To load a file, navigate the file system using [] operators, and then call .load().

>>> raw_df = dd['data_extracts']['2020-02-04_Extract_3months']['2020-02-04_Extract_3months.xlsx'].load()

Don’t worry about what format the file is in- datatc will intuit how to load the file. See Supported Formats.

Shortcuts for loading data files faster

latest

If you use timestamps to version your data files, you can load the latest file or subdirectory within a directory with .latest():

>>> raw_df = dd['data_extracts'].latest()['2020-02-04_Extract_3months.xlsx'].load()

select

To help you navigate those long finicky file names, DataDirectory provides a .select('hint') method to search for files matching a substring.

>>> raw_df = dd['data_extracts']['2020-02-04_Extract_3months'].select('xlsx').load()

Combing latest and select, the file load in the previous can be reduced to the following:

>>> raw_df = dd['data_extracts'].latest().select('xlsx').load()

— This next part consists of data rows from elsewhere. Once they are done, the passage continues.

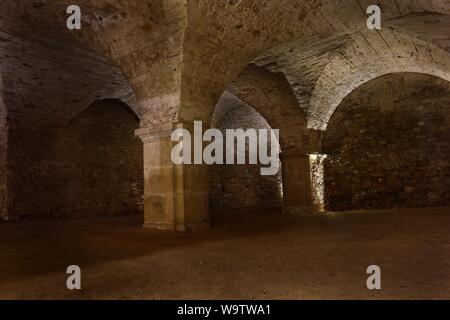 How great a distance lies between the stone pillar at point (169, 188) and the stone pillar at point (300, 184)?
134 inches

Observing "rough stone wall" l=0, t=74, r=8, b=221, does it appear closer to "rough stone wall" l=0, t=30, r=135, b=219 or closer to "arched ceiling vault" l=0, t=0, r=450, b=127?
"rough stone wall" l=0, t=30, r=135, b=219

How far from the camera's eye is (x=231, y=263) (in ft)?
9.45

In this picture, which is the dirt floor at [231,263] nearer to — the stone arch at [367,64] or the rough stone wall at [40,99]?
the rough stone wall at [40,99]

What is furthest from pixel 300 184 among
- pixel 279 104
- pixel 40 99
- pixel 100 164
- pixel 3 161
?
pixel 3 161

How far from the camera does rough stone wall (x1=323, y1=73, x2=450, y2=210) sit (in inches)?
325

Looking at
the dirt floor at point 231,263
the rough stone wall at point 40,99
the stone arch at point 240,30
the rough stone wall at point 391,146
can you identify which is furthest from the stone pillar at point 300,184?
the rough stone wall at point 40,99

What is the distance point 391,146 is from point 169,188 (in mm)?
6480

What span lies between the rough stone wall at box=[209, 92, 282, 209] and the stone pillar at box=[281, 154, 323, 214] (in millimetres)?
2559

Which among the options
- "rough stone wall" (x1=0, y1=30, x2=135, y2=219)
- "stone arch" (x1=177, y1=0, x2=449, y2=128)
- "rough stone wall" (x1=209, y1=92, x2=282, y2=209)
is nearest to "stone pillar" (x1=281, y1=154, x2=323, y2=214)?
"rough stone wall" (x1=209, y1=92, x2=282, y2=209)

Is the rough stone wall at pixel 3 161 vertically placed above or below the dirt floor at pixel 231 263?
above

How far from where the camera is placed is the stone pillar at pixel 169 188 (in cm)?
471

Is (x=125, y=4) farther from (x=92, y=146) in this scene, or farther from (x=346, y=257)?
(x=92, y=146)

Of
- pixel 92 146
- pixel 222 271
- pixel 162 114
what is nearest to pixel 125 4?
pixel 162 114

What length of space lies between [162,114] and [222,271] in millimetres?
2852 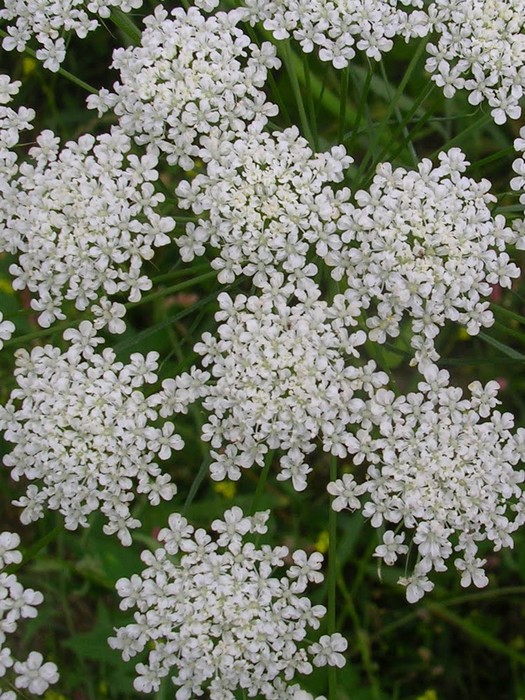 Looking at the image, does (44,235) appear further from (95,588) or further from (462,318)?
(95,588)

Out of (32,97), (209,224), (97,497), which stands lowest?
(97,497)

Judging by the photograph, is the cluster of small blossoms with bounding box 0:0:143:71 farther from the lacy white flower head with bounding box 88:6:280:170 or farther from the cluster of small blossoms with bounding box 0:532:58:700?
the cluster of small blossoms with bounding box 0:532:58:700

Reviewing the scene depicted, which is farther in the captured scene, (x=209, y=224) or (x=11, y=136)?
(x=11, y=136)

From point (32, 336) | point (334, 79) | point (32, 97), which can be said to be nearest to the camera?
point (32, 336)

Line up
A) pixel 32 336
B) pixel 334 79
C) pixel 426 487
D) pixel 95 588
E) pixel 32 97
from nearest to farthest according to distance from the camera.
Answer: pixel 426 487
pixel 32 336
pixel 95 588
pixel 334 79
pixel 32 97

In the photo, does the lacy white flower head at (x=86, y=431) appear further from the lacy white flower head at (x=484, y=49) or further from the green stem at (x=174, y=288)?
the lacy white flower head at (x=484, y=49)

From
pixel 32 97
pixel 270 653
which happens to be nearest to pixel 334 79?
pixel 32 97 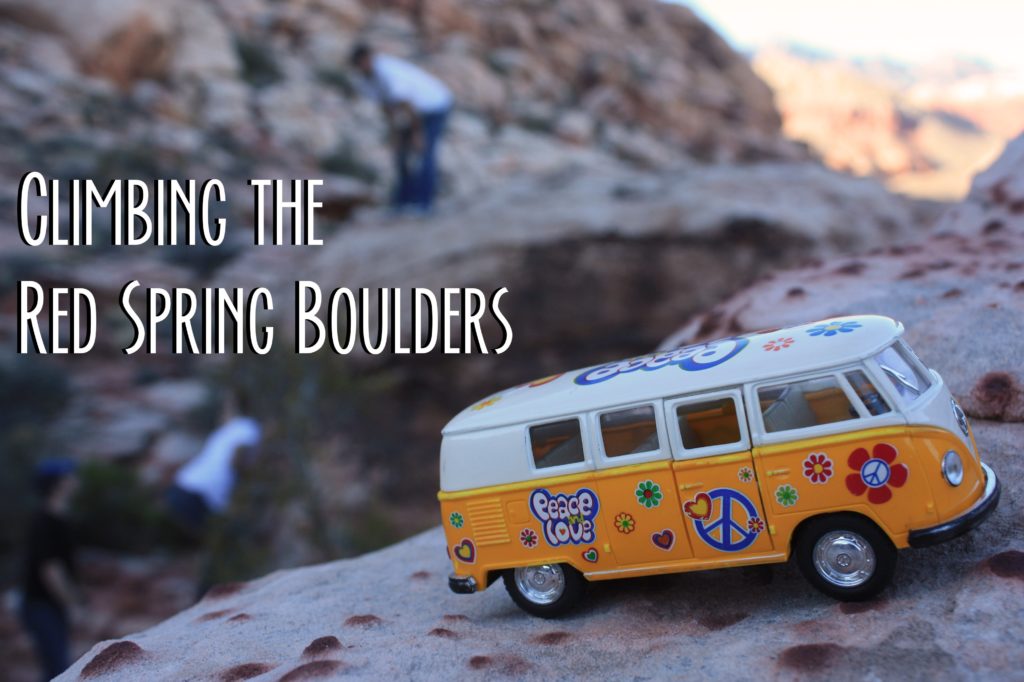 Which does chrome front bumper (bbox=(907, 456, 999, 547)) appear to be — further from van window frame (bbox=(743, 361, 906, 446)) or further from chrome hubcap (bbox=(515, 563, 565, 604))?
chrome hubcap (bbox=(515, 563, 565, 604))

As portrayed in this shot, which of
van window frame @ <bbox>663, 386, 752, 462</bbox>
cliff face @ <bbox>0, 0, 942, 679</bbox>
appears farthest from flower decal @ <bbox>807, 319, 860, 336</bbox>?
cliff face @ <bbox>0, 0, 942, 679</bbox>

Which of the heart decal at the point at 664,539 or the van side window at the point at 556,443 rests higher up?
the van side window at the point at 556,443

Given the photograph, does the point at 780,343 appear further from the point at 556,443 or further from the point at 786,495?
the point at 556,443

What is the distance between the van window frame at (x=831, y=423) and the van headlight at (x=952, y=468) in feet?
0.68

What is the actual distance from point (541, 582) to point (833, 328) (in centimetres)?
158

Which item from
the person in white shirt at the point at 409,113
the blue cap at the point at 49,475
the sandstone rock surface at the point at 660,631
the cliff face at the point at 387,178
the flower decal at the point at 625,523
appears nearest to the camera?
the sandstone rock surface at the point at 660,631

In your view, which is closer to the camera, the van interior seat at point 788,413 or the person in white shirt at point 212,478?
the van interior seat at point 788,413

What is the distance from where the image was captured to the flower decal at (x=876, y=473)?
10.1 feet

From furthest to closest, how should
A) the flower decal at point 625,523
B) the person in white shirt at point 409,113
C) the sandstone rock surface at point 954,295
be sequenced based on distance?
1. the person in white shirt at point 409,113
2. the sandstone rock surface at point 954,295
3. the flower decal at point 625,523

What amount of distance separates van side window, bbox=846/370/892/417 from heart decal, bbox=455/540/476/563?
1.68 meters

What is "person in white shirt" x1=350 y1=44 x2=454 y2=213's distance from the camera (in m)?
10.5

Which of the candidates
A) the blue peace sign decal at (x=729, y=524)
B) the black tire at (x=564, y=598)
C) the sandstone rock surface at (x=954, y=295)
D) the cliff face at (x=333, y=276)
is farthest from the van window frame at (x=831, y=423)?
the cliff face at (x=333, y=276)

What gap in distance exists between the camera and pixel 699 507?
132 inches

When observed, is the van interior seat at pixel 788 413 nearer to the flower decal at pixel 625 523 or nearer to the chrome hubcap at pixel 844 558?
the chrome hubcap at pixel 844 558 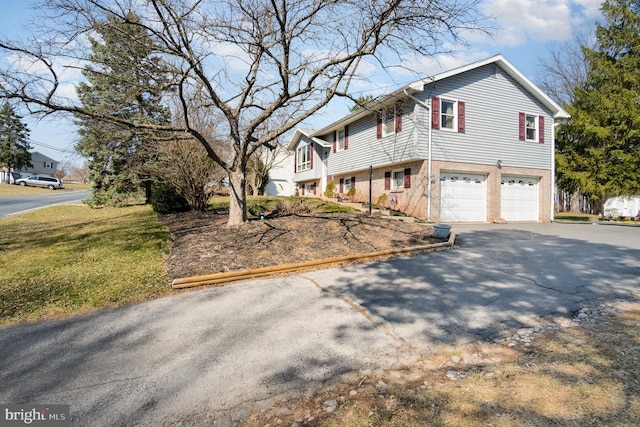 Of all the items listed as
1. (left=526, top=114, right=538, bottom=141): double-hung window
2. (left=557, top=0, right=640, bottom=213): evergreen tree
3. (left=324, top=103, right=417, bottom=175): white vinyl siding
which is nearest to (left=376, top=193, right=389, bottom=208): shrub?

Loading irregular data files

… my file needs special arguments to load

If your file needs special parameters to load it, specify them in load, and they will be passed on to the internal loading function. For example, if your csv file is actually pipe separated and has a non-default encoding, you can specify so:

>>> raw_df = dd['queries']['batch_query.csv'].load(sep='|', encoding='utf-16')

… my file type isn’t recognized by datatc

If datatc doesn’t recognize the file type, you can give it a type hint of which loader to use. For example, datatc doesn’t have a specific interface for reading tab separated files, but if you tell it to treat it as a csv and instruct it to use tab as the separator, it will load it right up:

>>> raw_df = dd['queries']['batch_query.tsv'].load(data_interface_hint='csv', sep='\t')

… I want to load my file my own way

If you ever want to do your own load, and not use the build in .load(), you can also use dd[...]['filename'].path to get the path to the file for use in a separate loading operation.


Saving data files

To save a file, navigate with dd to the position in the file system where you’d like to save your file using the [] operators, and then call .save(data_object, file_name).

For example:

dd['processed_data'].save(processed_df, 'processed.csv')

Working with SelfAwareData

SelfAwareData helps you remember how your datasets were generated.

You have 2 options for turning your dataset into a SelfAwareData:

  1. Load from a file:

>>> my_sad = SelfAwareData.load_from_file('~/path/to/data.csv')

When you establish a SelfAwareData from a file, it will track the file that the SelfAwareData originated from.

  1. Create on the fly from a live data object:

>>> my_sad = SelfAwareData(raw_df)

Starting a SelfAwareData this way will not track how the data originated.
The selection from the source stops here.